The San Francisco County Transportation Authority Board voted Tuesday to hold off on granting $255,000 toward researching possible expansion sites for Ford GoBike.
The $255,000 in funding would allow another transportation body, the San Francisco Municipal Transportation Agency, to “review station sites and designs” and to “issue bike share station and special traffic permits” for an additional 96 stations, and 1,350 “shareable” bikes, according to an SFCTA staff report.
Without that funding, part of Ford GoBike’s planned bike-share business in San Francisco may see substantial delay.
Ford GoBike announced 7,000 bikes as part of its expansion efforts in the Bay Area, of which 3,500 will launch Wednesday.
As the San Francisco Examiner has previously reported, bike rental companies said the launch of Ford GoBike’s $15 “GoPass” was not targeted toward commuters, but tourists, who are the customers of 15-plus local bike rental companies.
“We look forward to welcoming an expanded bike network that provides new travel alternatives for our residents while standing by our commitment to support the legacy businesses that make this city special,” Mayor Ed Lee, whose office negotiated with the bike companies to reach an agreement, said in a statement.
Notably, much of Ford GoBike’s expansion is funded by San Francisco in a unique public-private partnership, which is administered not by Ford but a company called Motivate.
“It was never our intent in any way to be competitive” with the bike rental industry, Motivate CEO Jay Walder told the Examiner.

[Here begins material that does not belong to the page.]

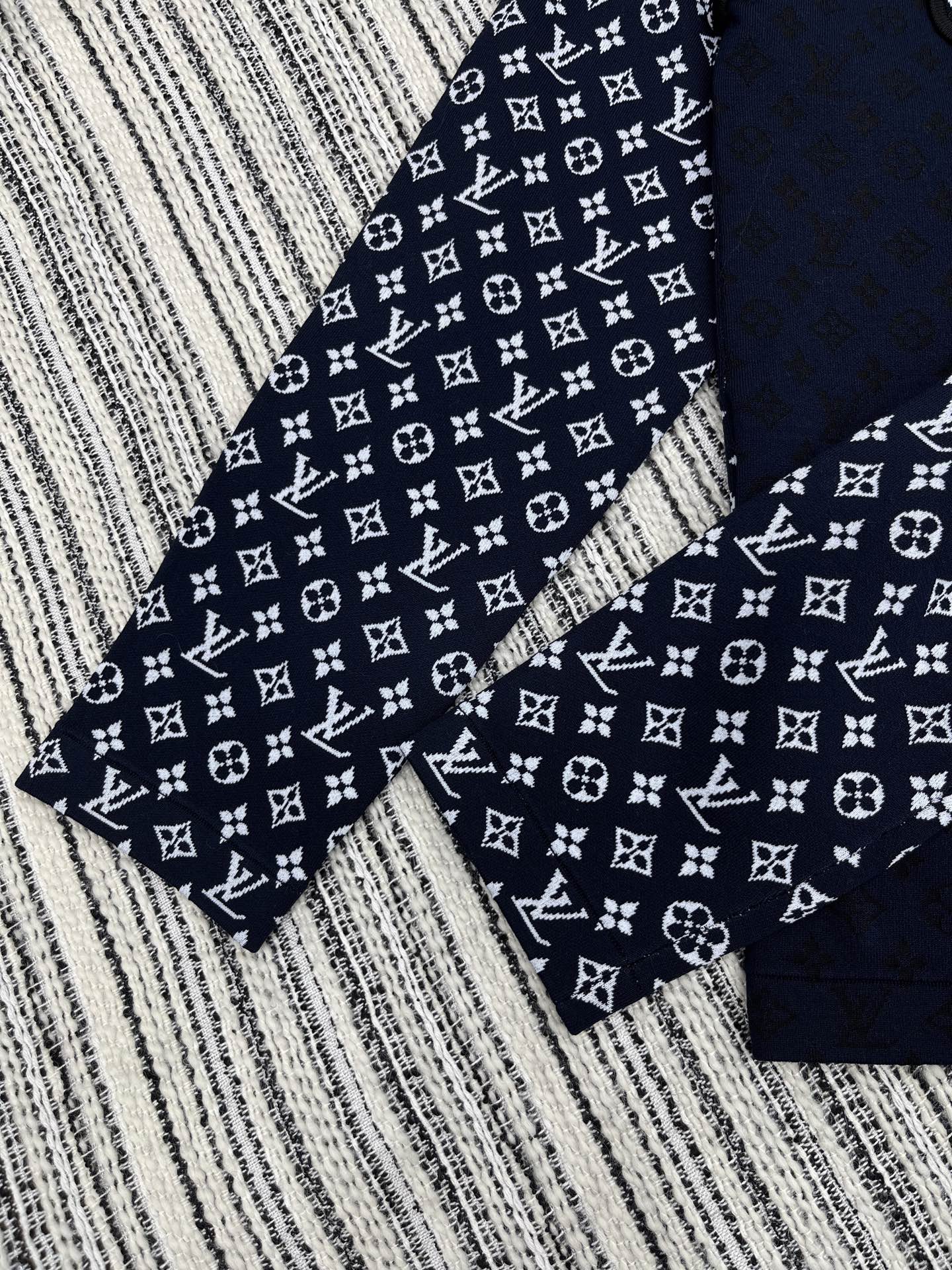 🛒𝐍𝐄𝐖 · 𝟐𝟎𝟐5/爆款现货

原单品质  Lv ｜25新品长袖拼接针织带帽开衫
气质百搭撞色系 精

The “GoPass,” he said, was scrubbed from the bike-share company’s app, website and advertising materials, and they are in the process of printing out new decals for the bikeshare kiosks — which will also mention bike rental companies for “longer” trips.
Still, Supervisor Aaron Peskin, who chairs the SFCTA board, was not convinced Tuesday that the conflict between bike rentals and Ford GoBike was resolved. “I won’t believe it until I see it,” Peskin said.
Walder, the Motivate CEO, said if it was helpful for all involved to assure them that the controversial GoPass would not return, “I’ll put it in writing, that’s not a question to me.”